Washington And Oregon Join Multi-State Lawsuit Over Federal Fuel Emissions Rollback

Tailpipe emissions. CREDIT: Flickr/Eutopication and Hypoxia



Oregon and Washington have joined 26 states and cities in suing the Trump administration over a new rule that weakens emission standards for cars and trucks.

In a lawsuit filed on Wednesday, the states argue the new federal rule relaxing fuel-efficiency standards for cars and trucks isn’t scientifically sound, increases public health risks and violates the federal Clean Air Act.

In a statement, Washington Department of Ecology Director Laura Watson said the federal government “cooked the books” in its rush to pass a rule that was “rife with flawed science, shaky math, and faulty conclusions.”

Environmental regulators in Oregon and Washington say the rule undermines their ability to reach state goals for reducing greenhouse gas emissions from cars and trucks. 

“This rule would mean dirtier cars and dirtier air for years to come, risking public health, increasing greenhouse gas emissions, and threatening our future,” Watson said. “We hope the courts will force federal agencies to rule back this toxic rule.”
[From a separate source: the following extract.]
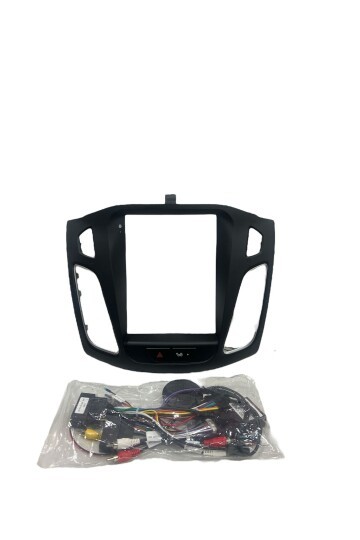FORD FOCUS 2012-2018 9.7 Tesla Multimedya Çerçevesi (Yüksek kalite)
Oregon Attorney General Ellen Rosenblum said the new rule stops the progress that the federal Clean Car Standards have been making since 2010.
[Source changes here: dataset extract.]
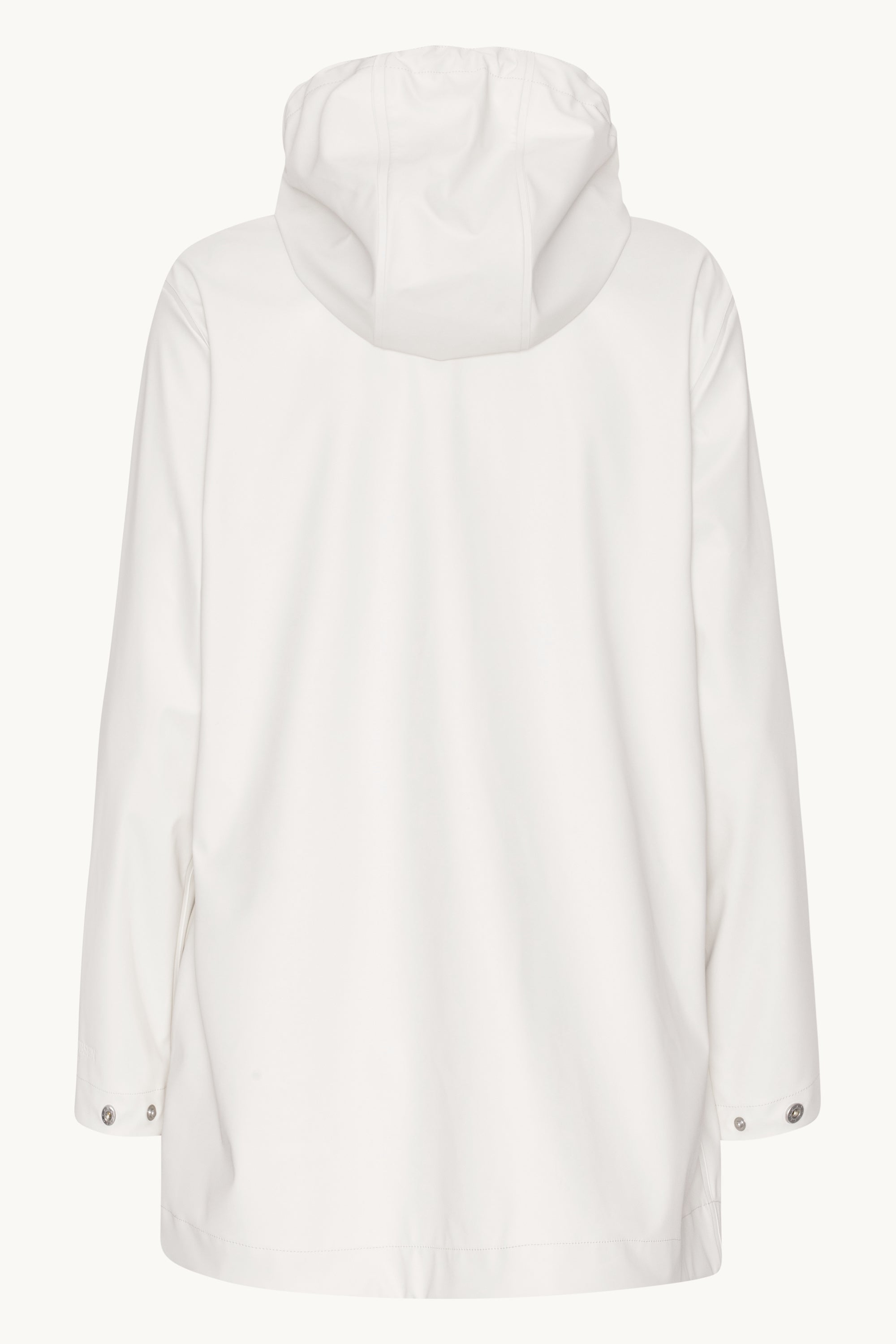 Leichter Regenmantel - Milk Creme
“This is yet another example of the federal government protecting big oil and big polluters over the wishes of states like Oregon that prioritize protecting our environment,” Rosenblum said. “By eliminating the Clean Car Standards, the federal government is turning back years of hard work meant to reduce carbon emissions and save families money.”

After the new rule was finalized in April, Oregon Department of Environmental Quality Director Richard Whitman criticized the Trump administration for making such a controversial move during the coronavirus pandemic and noted many car manufacturers were fine with the existing fuel efficiency standards.
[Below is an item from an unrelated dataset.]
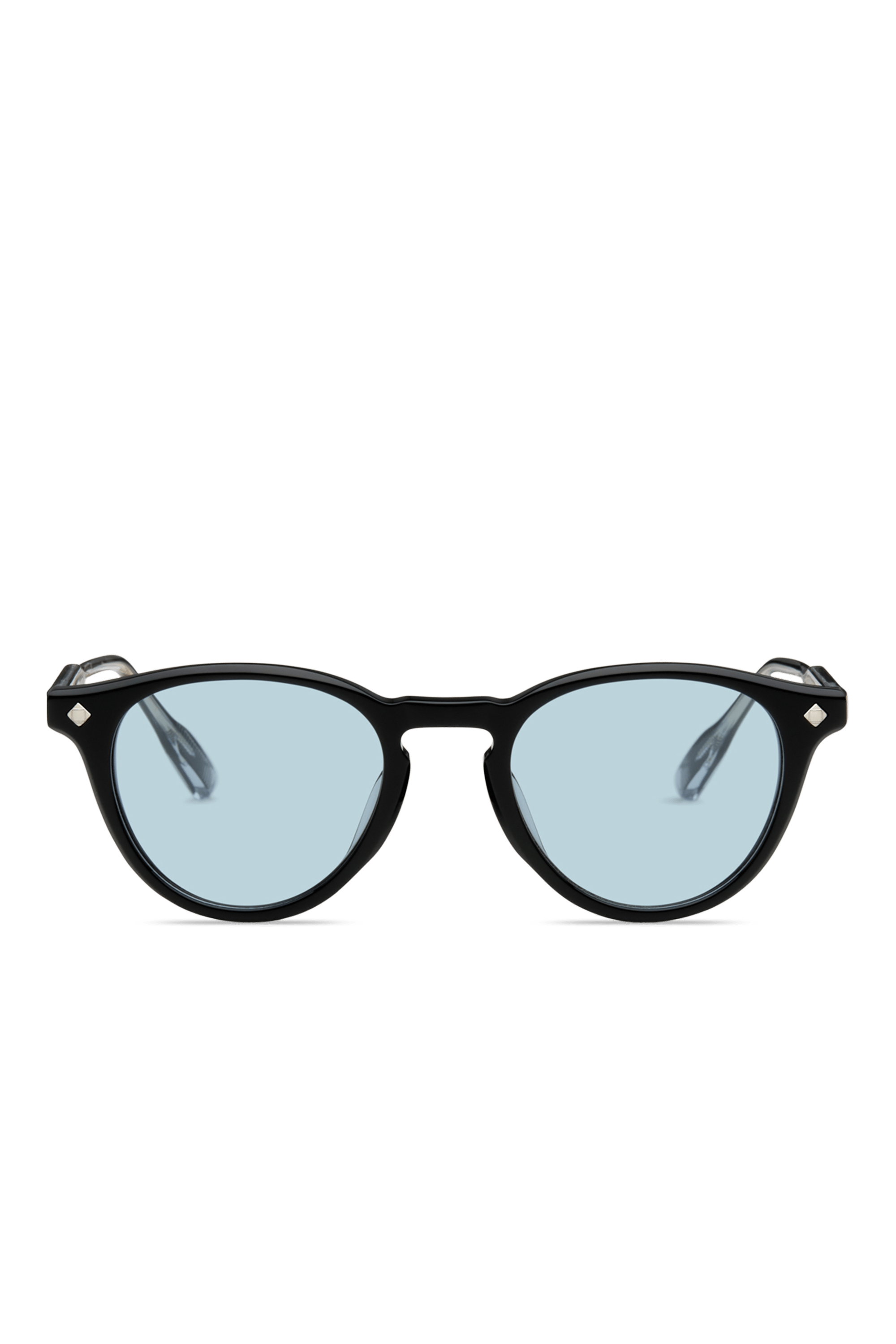 Lunetterie Générale Dolce Vita occhiali su misura nero beige acetato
He said the new standards will lead to new vehicles being 20% less efficient by 2025 with higher emissions that contribute to climate change and other air quality problems such as ozone.

The U.S. Environmental Protection Agency and the National Highway Traffic Safety Administration said federal officials considered hundreds of thousands of public comments on the new rule before finalizing it with the goal of striking a balance between protecting the environment with reasonable targets for the auto industry and supporting the economy.